What is open access?

MRU Library position statement on open access

Open access (OA) is a publishing model that provides an alternative to the traditional scholarly publishing model. There are different ways that open access can manifest, but for an initiative to be considered open access it must be free of price barriers such as paywalls, subscription costs to end users, or other charges/fees to access materials. OA resources must also be free of most kinds of permission barriers, such as copyright and licensing restrictions around (re)distribution of the materials. OA permissions may grant the user the right to copy, use, change, distribute or display the information, as long as the original author is given credit. OA does not change how information is created; rather, it changes how it is distributed. In a nutshell, Open Access attempts to make digital information freely available and easy to share.

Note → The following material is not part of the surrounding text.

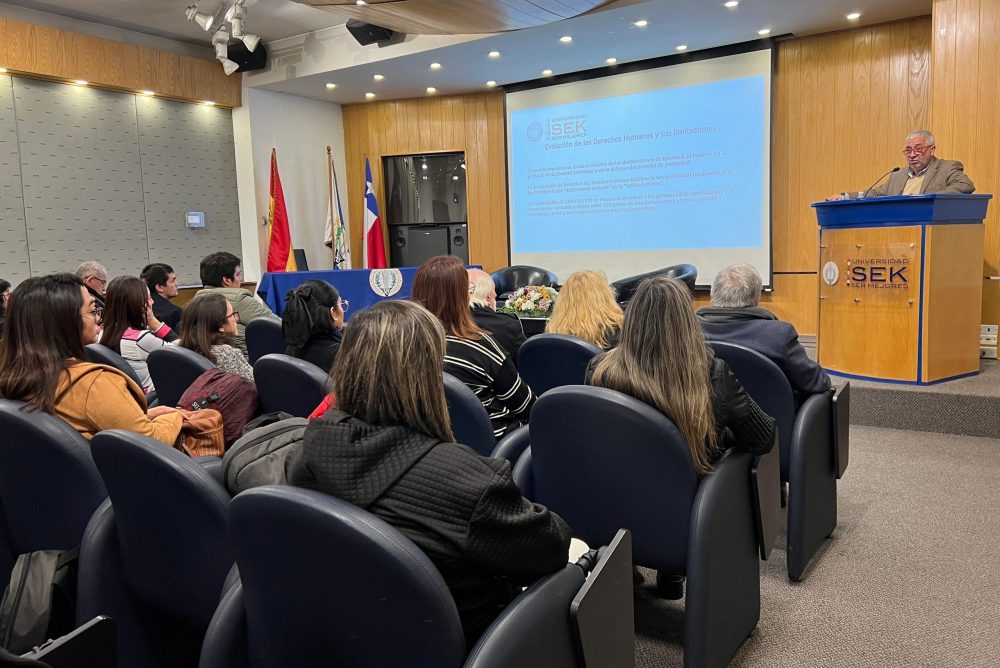 Universidad SEK abordó temáticas de derechos humanos y trabajo social en clase magistra
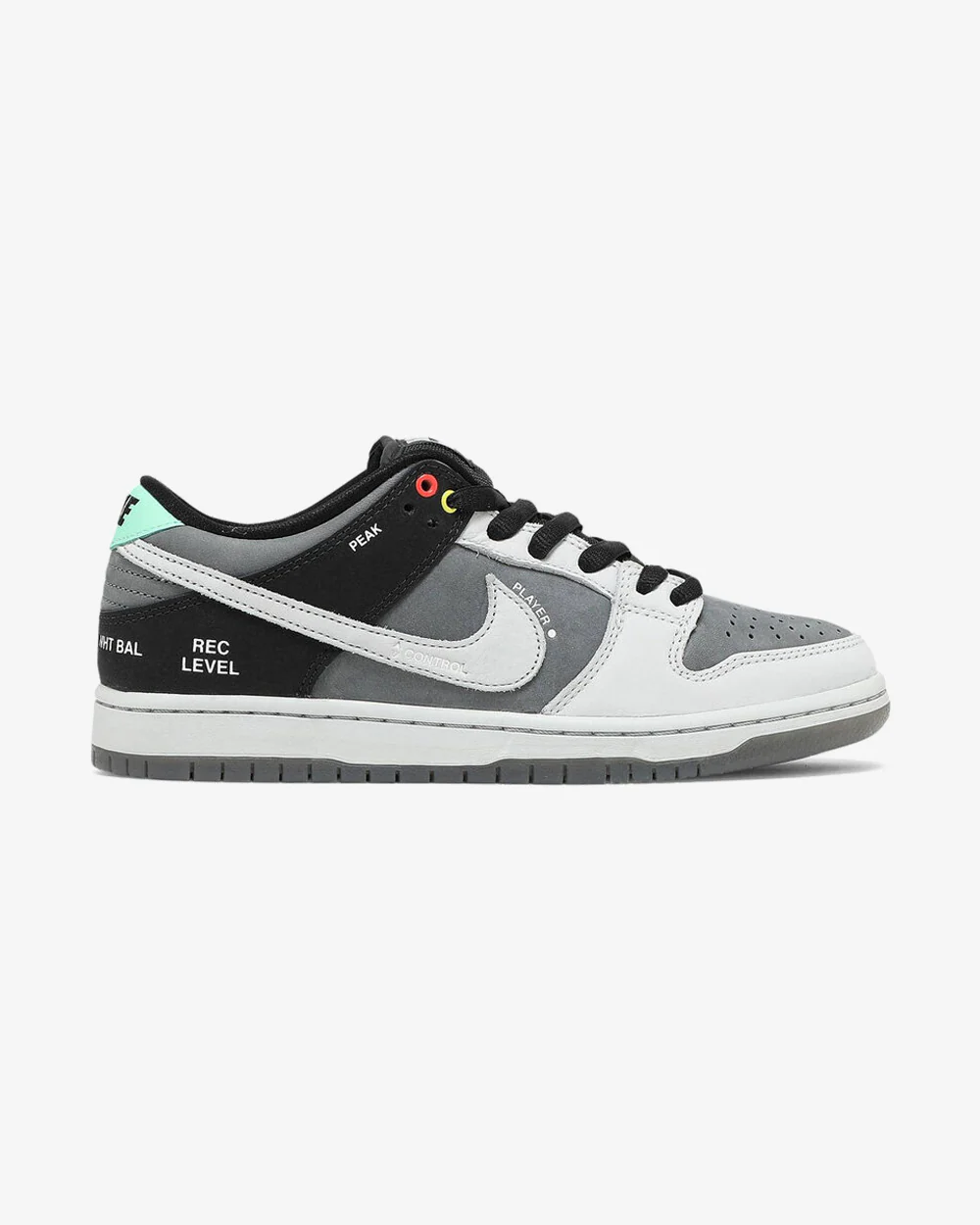 NIKE SB DUNK LOW PRO ISO VX1000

For an excellent introduction to Open Access see Peter Suber's Open Access Overview. For an introduction to Open Access and libraries, the Association of Research Libraries offers a great overview of key issues.

Benefits and challenges

There are a variety of benefits and challenges to the open access publishing model.

Some benefits

  • One of the major benefits to open access publishing is the increased access that everyone has to scholarly research outputs. Open access publications are freely available. Unlike other publications, OA content is free of expensive subscription fees (paywalls) that force users to pay before they can view the content.
  • This increased availability of research leads to increased citation rates for authors. This is known as the open acess citation advantage, which has been proven to exist. SPARC Europe maintains and updates a lists of studies that examine the OA citation advantage, with an overall analysis clearly demonstrating that the advantage exists: http://sparceurope.org/oaca/
  • Disciplines also enjoy more international and cross-disciplinary collaboration when information is more freely available.

Some challenges

  • Perceptions regarding quality and rigour continue to be one of the common challenges facing open access publishing, questioning whether articles published in an open access journal are of lower quality than those published in a traditional journal. The truth is that legitimate OA journals use the same procedures as traditional subscription journals, including rigorous peer-review, editorial oversight, systems for retraction, and expectations of professional and ethical behaviour by researchers who wish to publish.
  • Predatory publishing exploits the open access model by charging authors significant fees to publish their research, without providing the rigourous peer-review and editorial oversight mentioned above. Predatory publishers have recognizable characteristics, but scholars need to inform themselves and be vigilant when considering where to publish. Predatory publishing relies on fraudulent and deceptive practices.

Open access at MRU

In 2014 the Library Faculty Council affirmed the Library's committment to open acccess with this position statement.
The Library currently offers an open access fund to support scholarly publishing by MRU authors. This new initiative aims to support our authors in the open dissemination of their research by reimbursing eligible open access fees related to publishing their research.
The MRU Library maintains an open access institutional repository, launched in 2014. Open access repositories typically consist of disciplines' or institutions' archived research materials and distributes that material for free via the Internet. The materials archived are not necessarily peer-reviewed by the repository, and may or may not have been published prior to being deposited into the repository. An authoritative list of other open access repositories is available via the Registry of Open Access Repositories (ROAR).
The Library maintains an open access journal system and currently hosts several journals maintained by students and faculty of our university using the the popular Open Journals System platform. Members of the MRU community who are interested in establishing an OA journal can contact Richard Hayman, Digital Initiatives Librarian, at rhayman@mtroyal.ca.
The Library includes a large and varied selection of scholarly open access content in our collections. We regularly work with our consortial partners (e.g., CRKN, COPPUL) and the greater library community to seek opportunities to support OA, and we actively participate in and financially support open access collections and publishing initiatives. Current projects include the Érudit Partnership and Knowledge Unlatched.

Related Topics

Open access is about distribution and making information available; it does not significantly change the production of research, and does not seek to change author rights. In fact, in most cases authors who publish via an open access model retain more rights over their their works that when publishing under a traditional model. Authors who publish via open access agree to right of use, allowing unrestricted distribution (reading, downloading, copying, sharing, storing, and printing) of the full-text work, so long as the original author is given credit. Authors may choose to license their works under open content licensing, such as Creative Commons.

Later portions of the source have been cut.